Hieruit volgt dat appellanten de mogelijkheid hadden beroep in te stellen tegen de tuchtbeslissing van 15 juni 2000, maar van die mogelijkheid geen gebruik hebben gemaakt. Dat appellanten naar eigen zeggen zijn afgegaan op het oordeel van derden kan hieraan niet afdoen en komt geheel voor risico van appellanten.
3.4 Door appellant C is desgevraagd bevestigd en ook voor het College staat vast dat de bij de bestreden tuchtbeslissing niet-ontvankelijkverklaarde klachtonderdelen deel hebben uitgemaakt van de eerste klacht van appellanten tegen betrokkene.

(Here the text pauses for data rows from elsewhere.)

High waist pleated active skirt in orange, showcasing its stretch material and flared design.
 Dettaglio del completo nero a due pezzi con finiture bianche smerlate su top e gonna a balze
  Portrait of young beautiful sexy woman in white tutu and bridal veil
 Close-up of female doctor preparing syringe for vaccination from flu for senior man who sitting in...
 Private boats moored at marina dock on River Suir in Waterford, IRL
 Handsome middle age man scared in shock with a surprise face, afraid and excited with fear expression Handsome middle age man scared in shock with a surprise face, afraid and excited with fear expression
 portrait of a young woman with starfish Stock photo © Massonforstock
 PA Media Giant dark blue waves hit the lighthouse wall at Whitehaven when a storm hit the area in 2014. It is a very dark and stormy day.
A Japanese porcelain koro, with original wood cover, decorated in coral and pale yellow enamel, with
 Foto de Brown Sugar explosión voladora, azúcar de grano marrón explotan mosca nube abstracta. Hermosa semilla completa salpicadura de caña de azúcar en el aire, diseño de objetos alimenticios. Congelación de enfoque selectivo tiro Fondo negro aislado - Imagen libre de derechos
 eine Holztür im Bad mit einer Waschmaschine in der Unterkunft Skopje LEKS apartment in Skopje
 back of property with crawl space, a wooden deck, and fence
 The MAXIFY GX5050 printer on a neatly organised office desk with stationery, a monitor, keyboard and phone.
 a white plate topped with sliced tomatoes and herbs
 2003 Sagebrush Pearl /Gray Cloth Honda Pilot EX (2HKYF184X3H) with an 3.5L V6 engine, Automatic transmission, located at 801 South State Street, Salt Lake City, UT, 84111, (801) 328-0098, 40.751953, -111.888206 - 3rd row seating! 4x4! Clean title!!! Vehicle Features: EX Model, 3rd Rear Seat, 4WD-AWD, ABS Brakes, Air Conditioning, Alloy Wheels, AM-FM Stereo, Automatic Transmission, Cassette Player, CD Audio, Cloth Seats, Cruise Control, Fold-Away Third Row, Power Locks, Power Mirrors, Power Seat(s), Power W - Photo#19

Het ook in het tuchtrecht in acht te nemen ne bis in idem-beginsel staat eraan in de weg dat een klager andermaal een tuchtklacht indient over een gedraging van een accountant terzake waarvan reeds een tuchtprocedure is gevoerd. De raad van tucht heeft dan ook terecht beslist dat een inhoudelijke beoordeling van de tweede klacht van appellanten tegen betrokkene achterwege moet blijven, voorzover deze klacht een herhaling vormt van hun eerdere klacht tegen betrokkene.
In zijn uitspraken van 10 juli 2001 (AWB 00/358; LJN-nummer AB3079) en 25 oktober 2001 (AWB 00/61 en 00/72; LJN-nummer AD4959) heeft het College overwogen dat, nu de Wet RA niet voorziet in het niet-ontvankelijk verklaren van een klacht(onderdeel) door de raad van tucht, een negatief oordeel over de ontvankelijkheid van een (klager in zijn) klacht(onderdeel) dient uit te monden in een ongegrondverklaring van die klacht of dat klachtonderdeel. Hetzelfde geldt voor de Wet AA. Nu de raad van tucht terecht heeft geoordeeld dat de tweede klacht van appellanten, voorzover in beroep aan de orde, niet inhoudelijk kan worden beoordeeld, ziet het College geen aanleiding rechtsgevolg te verbinden aan de omstandigheid dat de raad van tucht de in beroep nog aan de orde zijnde klachtonderdelen niet-ontvankelijk in plaats van ongegrond heeft verklaard.
3.5 Het vorenstaande leidt tot de slotsom dat het beroep van appellanten moet worden verworpen. Dienovereenkomstig zal worden beslist.
Na te melden beslissing rust op titel IV, § 5, van de Wet AA.